Gunner12 recommended Fenix. Take a good look at their TK10 and TK11 models. Those will give you the output you want. TK10 works best with primary cells. TK11 with an 18650 rechargeable."


----------



## Ebbe J (Jun 18, 2008)

The fenix may be better for some things, but it doesn't have the focus system, which is the important part. I was looking at the Fenix lights in the beginning, but had a chat with Paul [email protected], as I could see that he started using led flashlights, and he encouraged me to buy the Led Lenser. And today I wouldn't reconsider the buy.

Kind regards,

Ebbe


----------



## Cullers (Sep 29, 2009)

There are three variables here at work on any torch;
COlour wavelength
Light intensity
Diffusion

Once these flaming torches arrive from China, I have the wavelength sorted, the light intensity is at the top of the tree so then it is down to the diffusion.


----------



## Ebbe J (Jun 18, 2008)

Did a Flying Spur earlier this week, and recorded some video where I'm using it. But it's on my mates computer. I'll try to get hold of it and post it here.

Kind regards,

Ebbe


----------



## spurgen (Aug 13, 2008)

qstix said:


> This is what was written on Candle Powers forum about the P7.
> 
> "Overpriced, quality a bit shody, and not nearly as bright as advertised. Like most companies, they measure lumen output at the emitter, instead of where it counts. Namely, out the front. The OTF numbers are accurate. Emitter ratings are always over inflated. Take the number given, and divide by 1/3 or even 1/2 to get a realistic OTF lumen rating.
> 
> Gunner12 recommended Fenix. Take a good look at their TK10 and TK11 models. Those will give you the output you want. TK10 works best with primary cells. TK11 with an 18650 rechargeable."
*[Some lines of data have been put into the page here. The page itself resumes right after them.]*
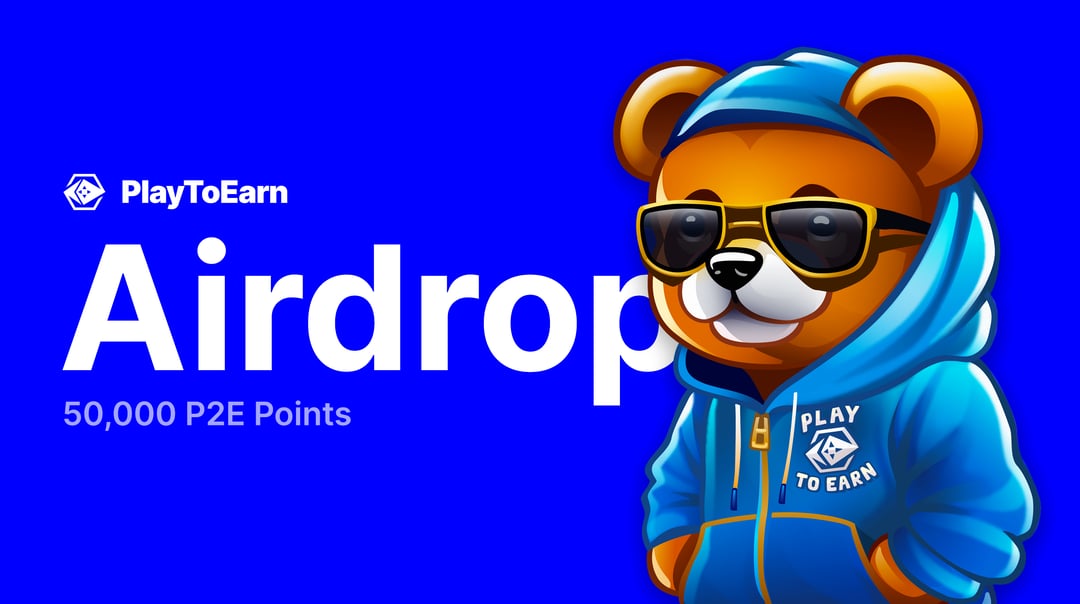 PlayToEarn's tweet card. PlayToEarn.com is going to Airdrop 50,000 $P2E Points Prize Pool to 10 lucky winners! 🎉 🏆 Prizes 10 Winners will receive 5000 $P2E Points Points each 📋 Rules Enter your playtoearn.com login wallet...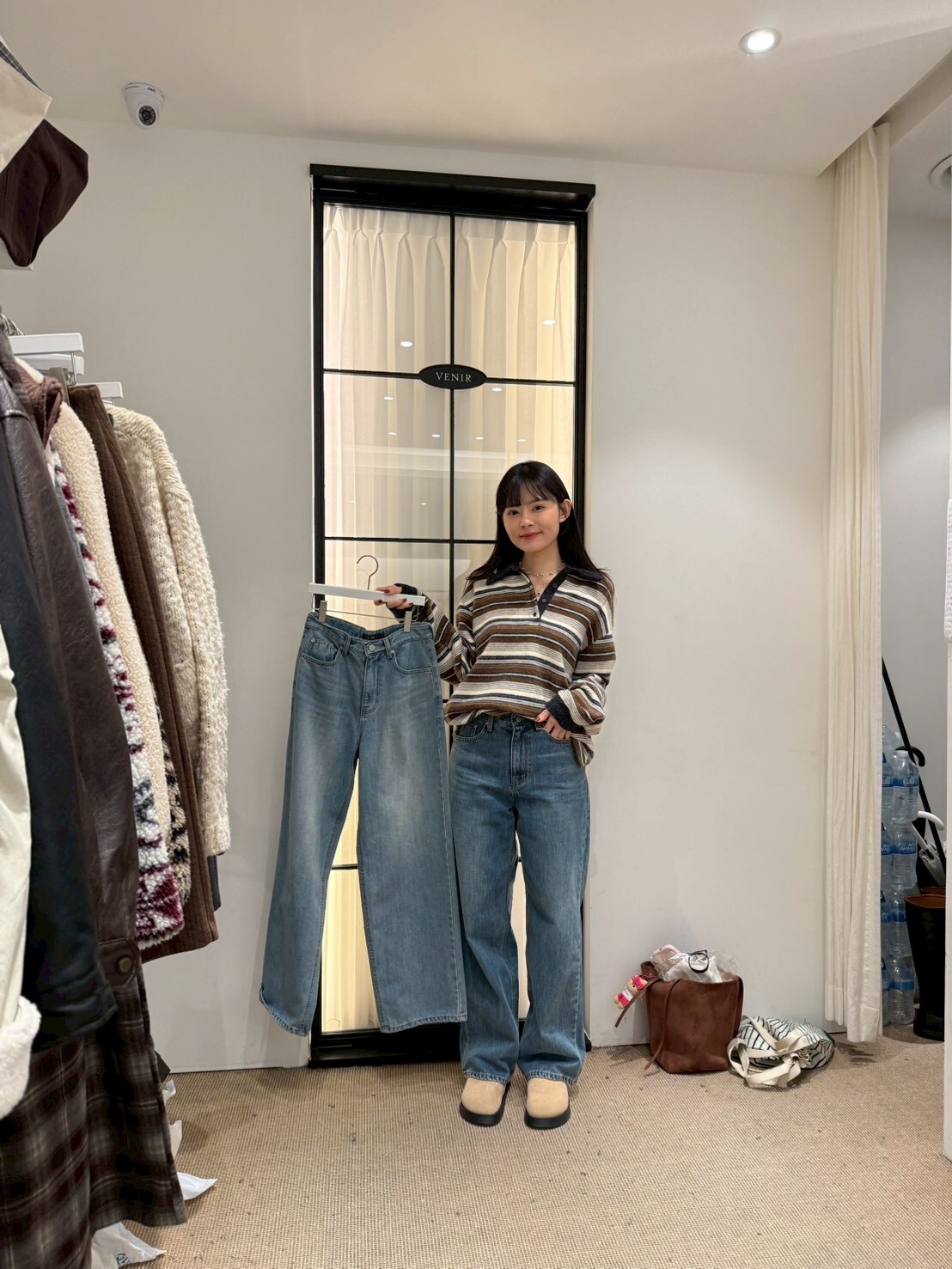 VR5219 溫暖舒適拉絨內襯牛仔褲 (S/M/L)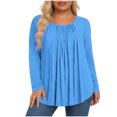 thumbnail image 1 of Hauts pour Femmes Grande Taille, Chemises Décontractées à Manches Longues Coupe Décontractée, Blouses à Col Rond T-Shirt Surdimensionné Confortable, Tenue d'Intérieur Tendance 2026 pour Usage Quotidien, 1 of 6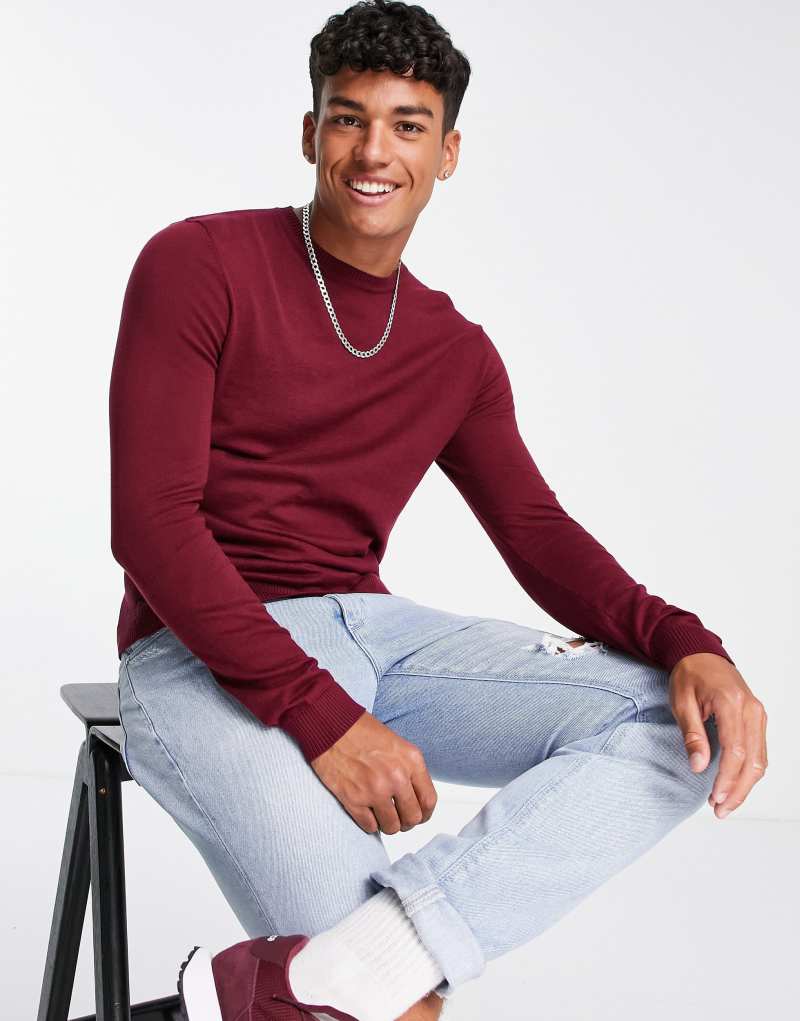 ASOS DESIGN cotton sweater in burgundy Asos Design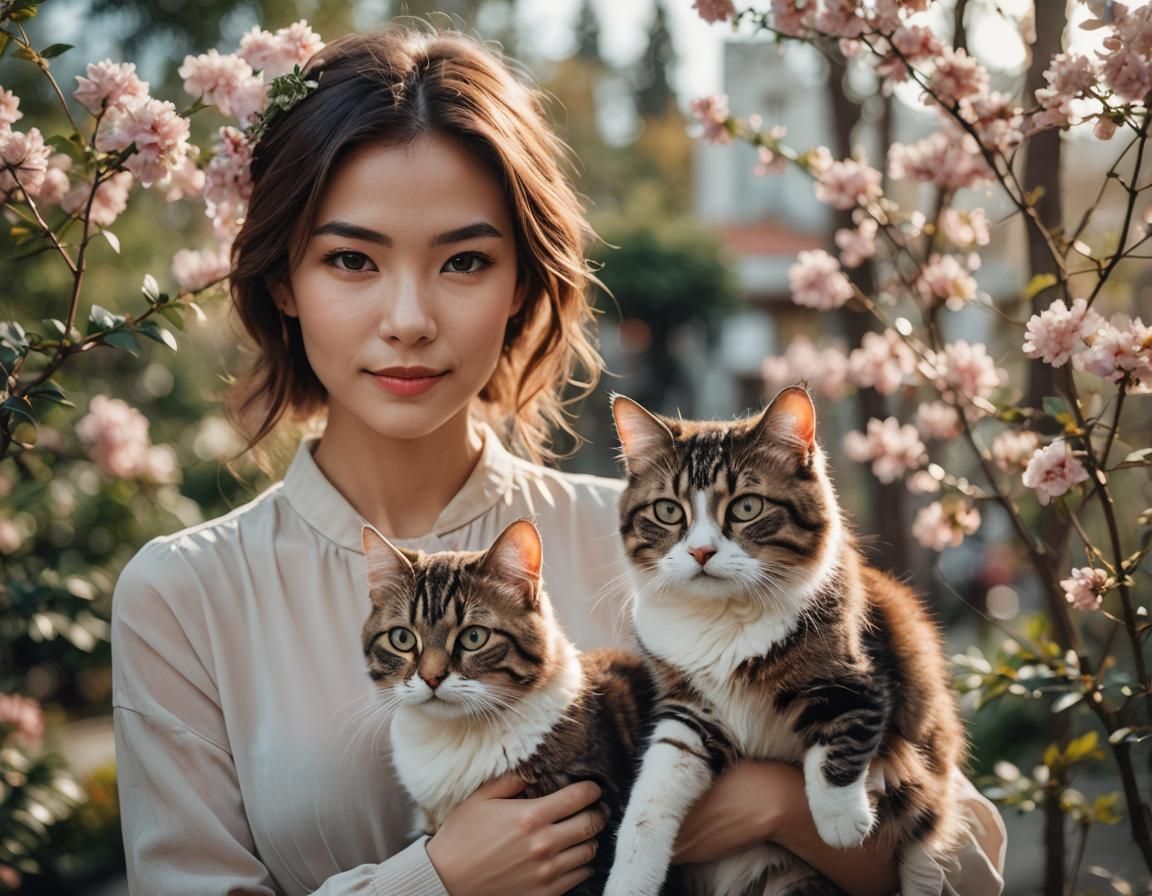 Stunning Woman and Cat Portrait, Professional Photography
I read up on those forums too before buying. To be honest, what they are using torches for is completely different to swirl spotting. A lot of their criteria of what defines a good torch is not really relevant to me. Also, the lumens or brightness is not the most important thing in swirl spotting.

The video below is my comparison between the P7 and an ordinary halogen. The left side has been corrected, the right untouched (ignore the wetsanded area in the middle). The halogen is actually brighter than the P7 but the P7 picks up far more defects. More importantly it picked up hologramming on the corrected side that the halogen did not.


----------



## dooka (Aug 1, 2006)

From the horses mouth as well, I would definitely consider one now that Mr Dalton has recommended on, as he does know hos stuff, well I hope he does..

I did hear somewhere that its the focus on the torch that you want, where the P7 excels, and the Fenix excels the the in between spot and flood..

I will start another thread asking people to put up pictures of what they use and show examples..

Thanks for the advice.opinions Ebbe..


----------



## dooka (Aug 1, 2006)

Thanks Spurgen, I think that answers my question.. You posted that while I was typing my last reply..

What batteries do you use, and how long do they last.. what power mode do you use and is it on flood or spot..

Its the Marring/Hologramming which is more important to me for this purchase, don't need to start another thread now..


----------



## spurgen (Aug 13, 2008)

qstix said:


> Thanks Spurgen, I think that answers my question.. You posted that while I was typing my last reply..
> 
> What batteries do you use, and how long do they last.. what power mode do you use and is it on flood or spot..
> 
> Its the Marring/Hologramming which is more important to me for this purchase, don't need to start another thread now..


No problem :thumb: Although a P7 v Fenix comparison would have been better for you but I don't have a Fenix lol.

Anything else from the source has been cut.